◆ Listed entries
◇ ◇ ◇ ◇ ◇

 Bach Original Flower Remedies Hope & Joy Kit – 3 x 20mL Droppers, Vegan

◇ ◇ ◇ ◇ ◇

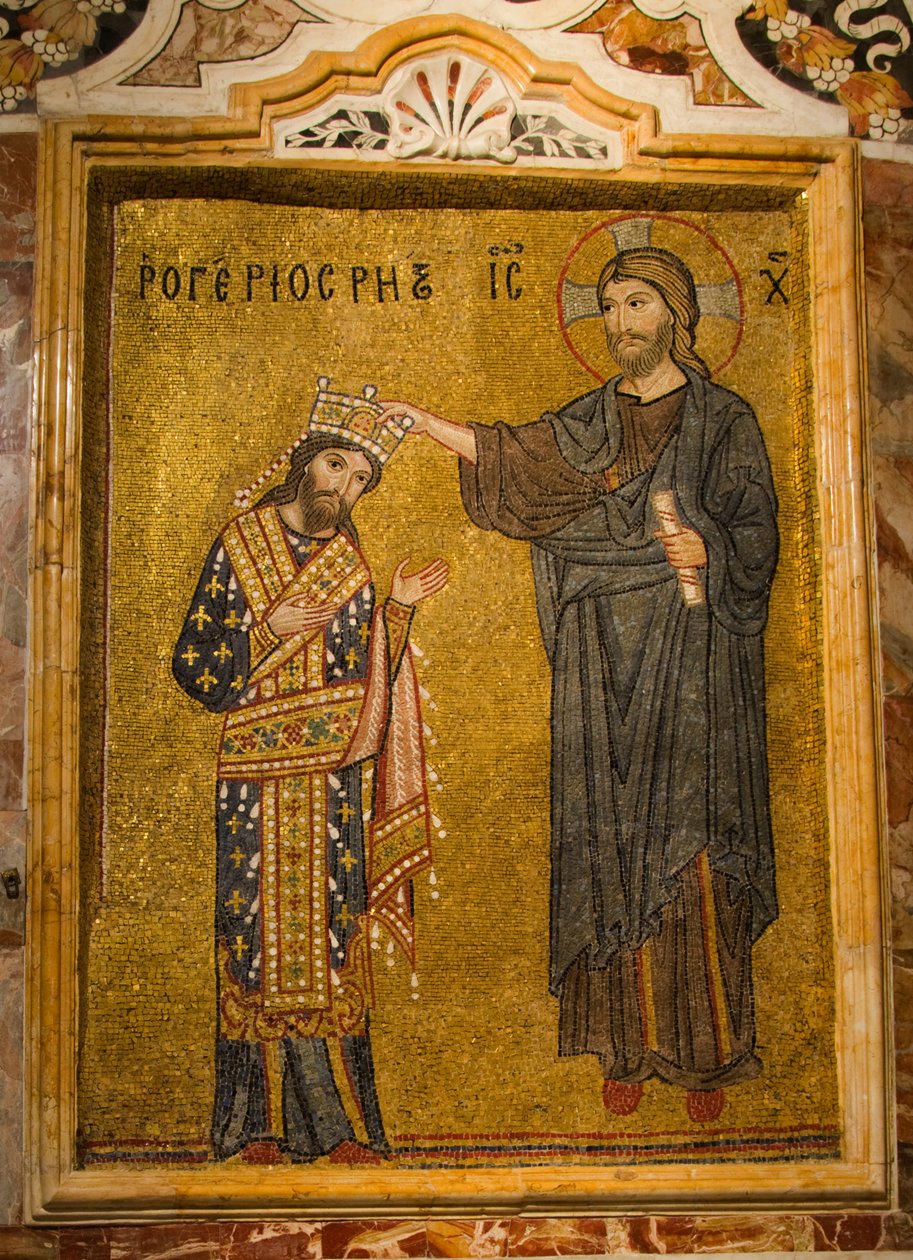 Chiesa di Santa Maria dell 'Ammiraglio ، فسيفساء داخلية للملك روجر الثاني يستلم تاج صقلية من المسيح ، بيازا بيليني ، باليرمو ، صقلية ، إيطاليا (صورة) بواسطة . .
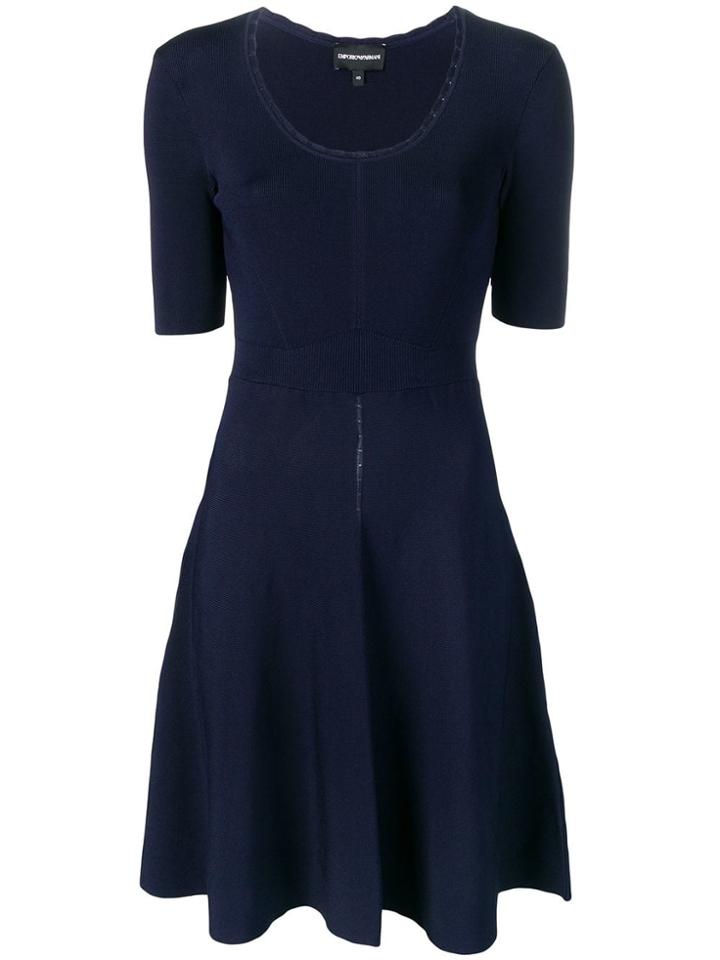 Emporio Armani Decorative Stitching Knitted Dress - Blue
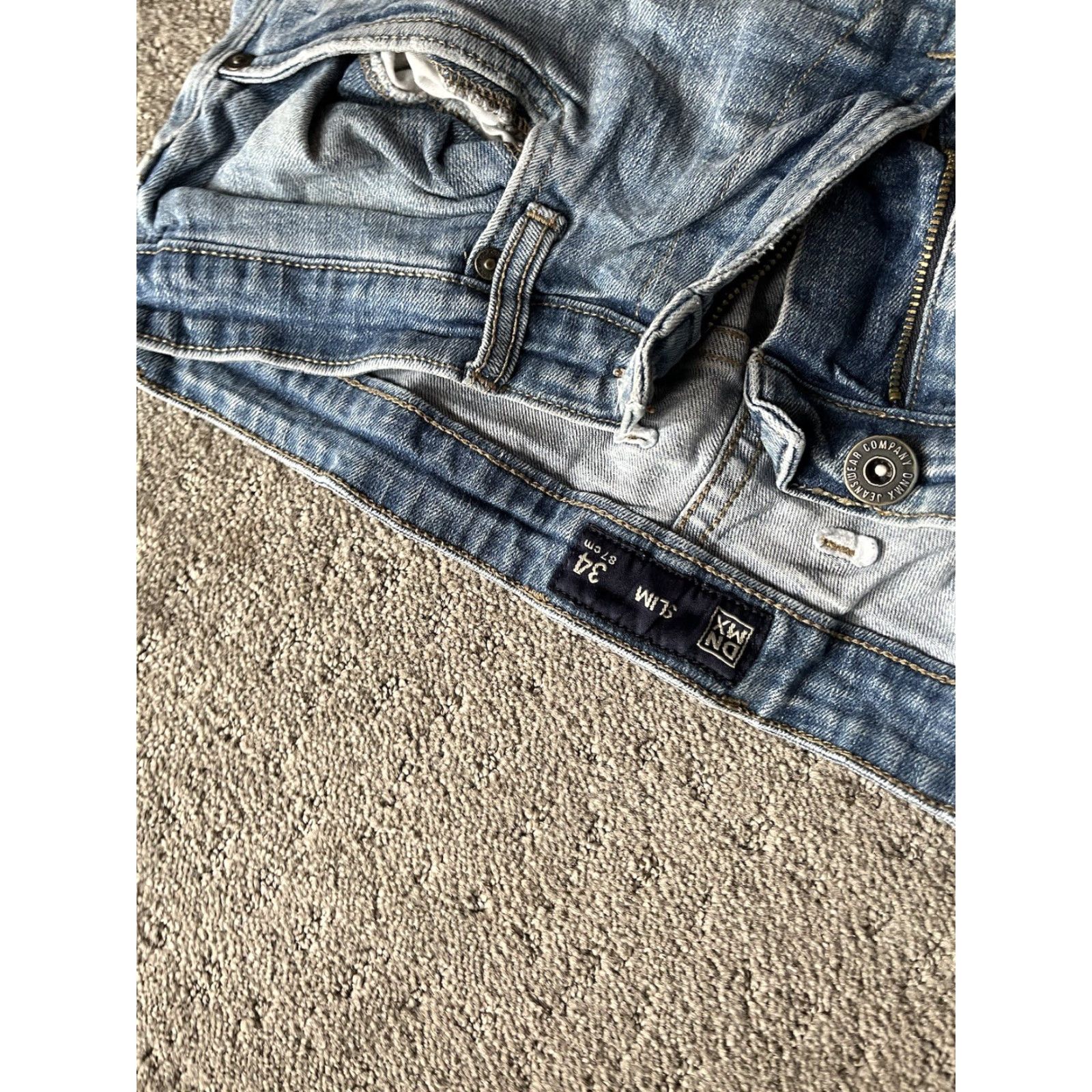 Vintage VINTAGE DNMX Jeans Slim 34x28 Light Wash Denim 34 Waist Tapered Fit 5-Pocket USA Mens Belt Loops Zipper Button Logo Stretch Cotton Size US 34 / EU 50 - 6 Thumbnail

◇ ◇ ◇ ◇ ◇

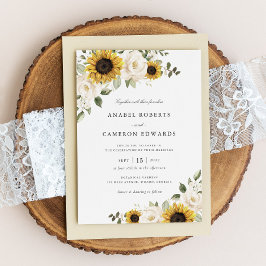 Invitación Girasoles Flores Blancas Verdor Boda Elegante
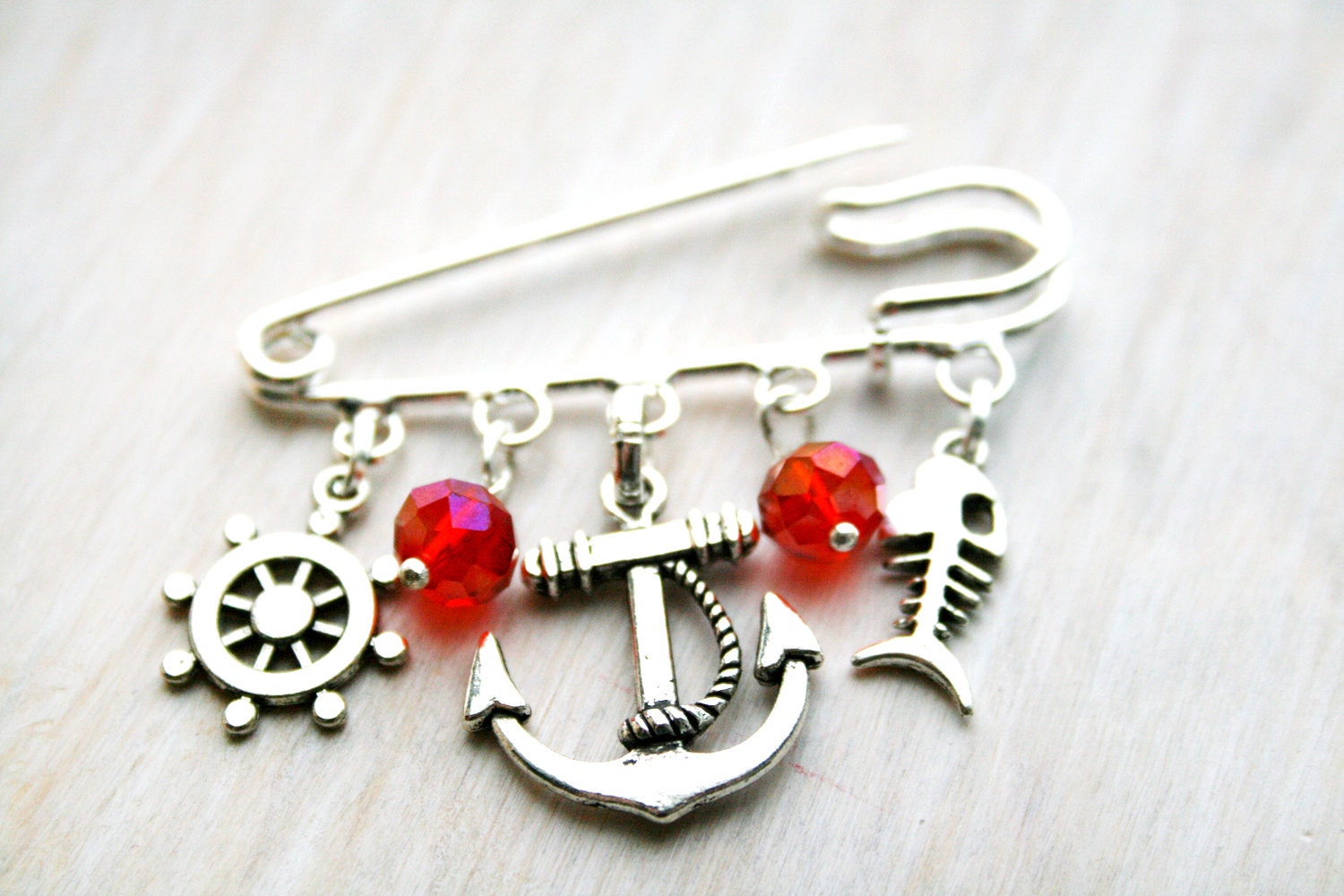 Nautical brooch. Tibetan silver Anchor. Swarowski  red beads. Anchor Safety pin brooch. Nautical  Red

◇ ◇ ◇ ◇ ◇

◆ Exercise
Output only the lines above from the line that holds "Chiesa di Santa" through the line that holds "Vintage VINTAGE DNMX", both ends included, and exclude pictures.

◆ Task result
 Chiesa di Santa Maria dell 'Ammiraglio ، فسيفساء داخلية للملك روجر الثاني يستلم تاج صقلية من المسيح ، بيازا بيليني ، باليرمو ، صقلية ، إيطاليا (صورة) بواسطة . .
 Emporio Armani Decorative Stitching Knitted Dress - Blue
 Vintage VINTAGE DNMX Jeans Slim 34x28 Light Wash Denim 34 Waist Tapered Fit 5-Pocket USA Mens Belt Loops Zipper Button Logo Stretch Cotton Size US 34 / EU 50 - 6 Thumbnail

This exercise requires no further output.